# 1 Piece AF couplers



## drbobderrig (Nov 12, 2018)

Does anybody make them.?? KIndof tired of cars getting disconnected randomly at times. I was thinking of my sets of passenger cars especially. The lead car would be the usual style. The rest would be a solid ones that cannot be uncoupled. Another thought is to pull the weight off and glue the locking pin down... I have one on a "S Gauge Magazine" car so someone did make them. I would try this on one set of passenger cars first and if I like the outcome I would do it on some other sets of passenger cars. Some of the replacement knuckle couplers.. the weight seems so long that I get cars uncoupling around swtiches etc.
thanks
dr bob


----------



## AmFlyer (Mar 16, 2012)

There are a couple of choices. PortLines sells dummy couplers, sku 1053. AM sells dummy couplers for their passenger cars and engines. They also sell snap lock couplers for freight cars. Some of these might meet your needs.


----------



## drbobderrig (Nov 12, 2018)

Thanks. Contacted Portlines Their sku # was 1033 though.
still thinking this entire idea through.
thanks
dr bob


----------



## mopac (Feb 24, 2011)

Before I would change couplers I think I would just glue your couplers shut.
They would be one piece then. And maybe even remove the weight. Just a
thought.

Another thought. I had some couplers opening when I didn't want them to. 
I oiled them and worked them a bunch and they actually stayed closed better.


----------



## AmFlyer (Mar 16, 2012)

I think my fingers need retraining, somehow I saw 1033 but typed 1053. 
I have considered replacing the couplers on my AM passenger car sets for appearance purposes but decided the standard couplers were ok and not that noticeable. Some of the Heavyweight AM passenger cars have low hanging couplers, I fixed this by replacing the 4 wheel trucks with 6 wheel trucks. I have never had a problem with unwanted uncoupling of AM, SHS or MTH couplers. Same goes for the modern Lionel AF production. 
Gilbert is another story. Lubricating as Mopac says frequently works. Also keeping the axle ends lubricated helps by reducing the pulling force on the couplers. I am running 15 car freights and 9 car passenger trains on my permanent layout with no unwanted uncoupling including link couplers. I attribute this mostly to perfect trackwork (it was done professionally, not by me.) I do get some uncoupling on my Christmas layouts using Gilbert track. I think it is the sharper curves and slightly uneven track.


----------



## cramden (Oct 13, 2015)

I would agree with mopac, a drop of glue would be the easiest solution to try. You might find that the small dental rubber bands used on braces work well. They come in assorted sizes and can be looped under the weights between cars so in the event they uncouple the don't come apart.


----------



## drbobderrig (Nov 12, 2018)

Thanks for the advise. I am going to look at one set of my heavy weight passenger cars and give a serious stinkeye to the ones with the low hanging weights and glue them shut first. I am sure some are replacement couplers that I got on ebay from unknown manufacturer...I could pull the weight of and cut that pin piece shorter and glue or crimp it back on...

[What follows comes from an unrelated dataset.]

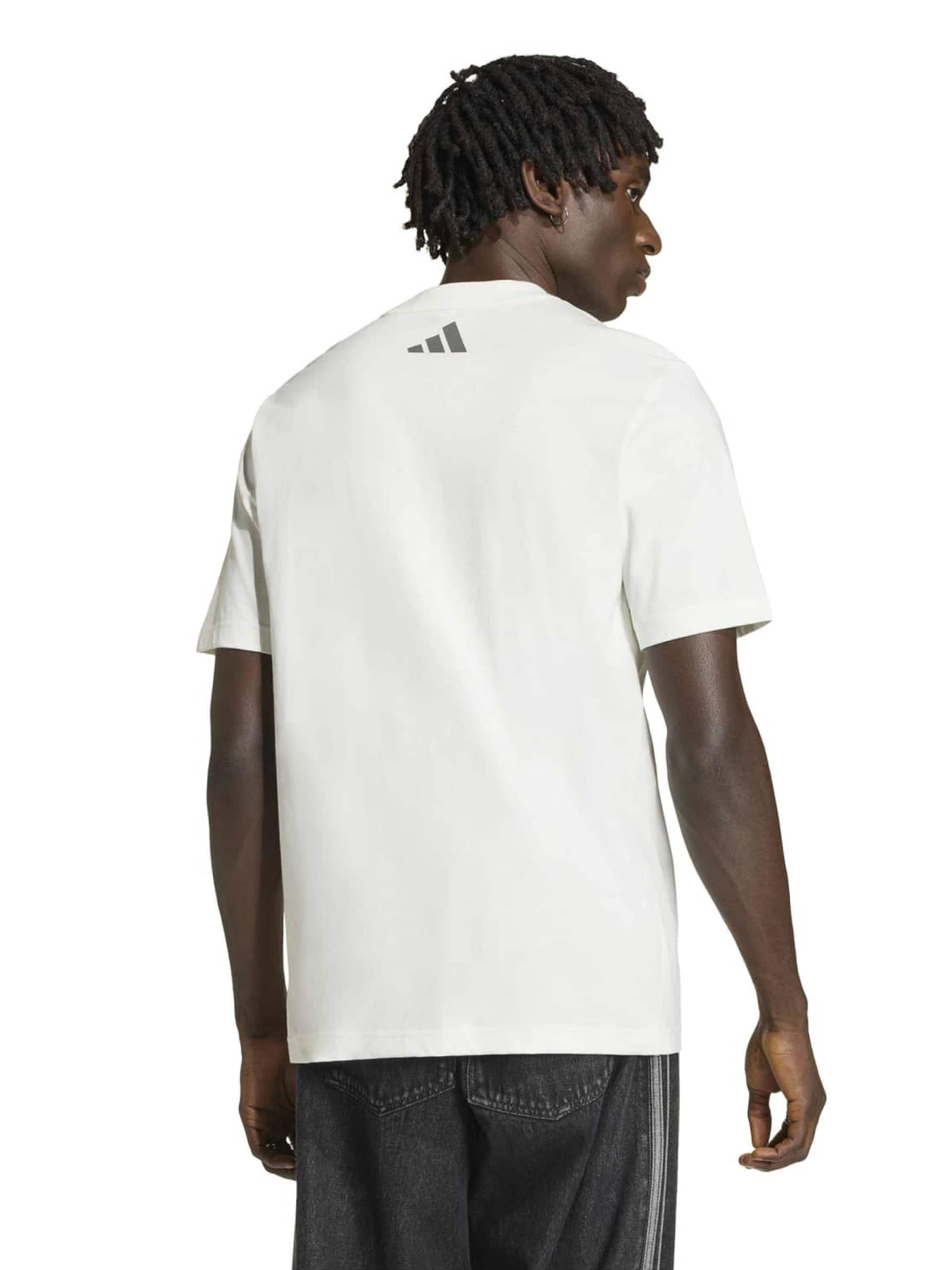 ADIDAS SPORTSWEAR Functioneel shirt in Wit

Dental rubber bands...now that is an idea.
Replacing with 6 wheel trucks is way down the list...maybe if a bargain shows up on ebay... these are nothing fancy.
thanks for the ideas

dr bob


----------



## dooper (Nov 9, 2015)

Good advice from everyone. I purchased an aluminum set of passenger cars that had link couplers replaced with knuckle couplers. They kept uncoupling over switches and especially the rerailers I have. Once I converted them back to link couplers they perfomred better and they looked much better (the cars were closer together).


----------



## AmFlyer (Mar 16, 2012)

If the sheet metal trucks were still on the cars then a replacement conversion style knuckle was used. On the aluminum cars they are hard to get adjusted high enough to work. They also create a much greater distance between the cars. The aluminum passenger car couplers came with a tensioning spring to hold the links down to minimize uncoupling. I assume these are now missing. These are the hardest cars to keep coupled.


----------



## drbobderrig (Nov 12, 2018)

ahhh.. so others have had this same issue. that is why my chemo laden brain asked myself why these cars need to be have couplers that can open when the cars are run as a set.
dr bob


----------



## dooper (Nov 9, 2015)

Well, I do not remember what I did, but I can run my aluminum cars with link couplers and have no problems.


----------



## cramden (Oct 13, 2015)

The braces rubber bands work great on link couplers. Find small ones and loop them from pin to pin, even if the links lift off the pins they won't separate.


----------



## AFGP9 (Apr 8, 2015)

I agree that keeping all the couplers' moving parts well lubed will keep them closed better as well as better uncoupling. I always lube the weight pin and axle ends as well. 3 in 1 oil seems to work well. It is thin enough for good penetration but also has good "clinging" protection. (An old auto engine builders' term which I am). Since I have a maintenance schedule, I look at all moving parts on rolling stock as well as all locomotives, so everything stays well lubed.


----------



## drbobderrig (Nov 12, 2018)

Well I tried to do all the right things and still have passenger cars disconnecting mostly at switches. This is the 660 series of passenger cars. So I got out the mini glue gun and put a dab between the weight and the coupler. I figure if I change my mind I can get that dab of hot glue out with a pic or something. Super glue etc...no turning back with that stuff. Anyway no uncoupling !!. The couplers on the set are mostly original AF so I can't blame replacement couplers.
I have another set of silver cars and will do that to them as well. I think that is the way to go.
Gotta visit the dentist and get some of those rubber bands for braces.
I have sets of new haven cars...some have link couplers...some were converted to knuckle (bad idea). Might play with them as well.

dr bob


----------



## cramden (Oct 13, 2015)

I had forgotten about this in my saved favorites. It might be another option although I don't know much about it. Might be worth checking out since the parts don't alter the original couplers in any way.http://www.adaptercoupler.com/homeagain.html


----------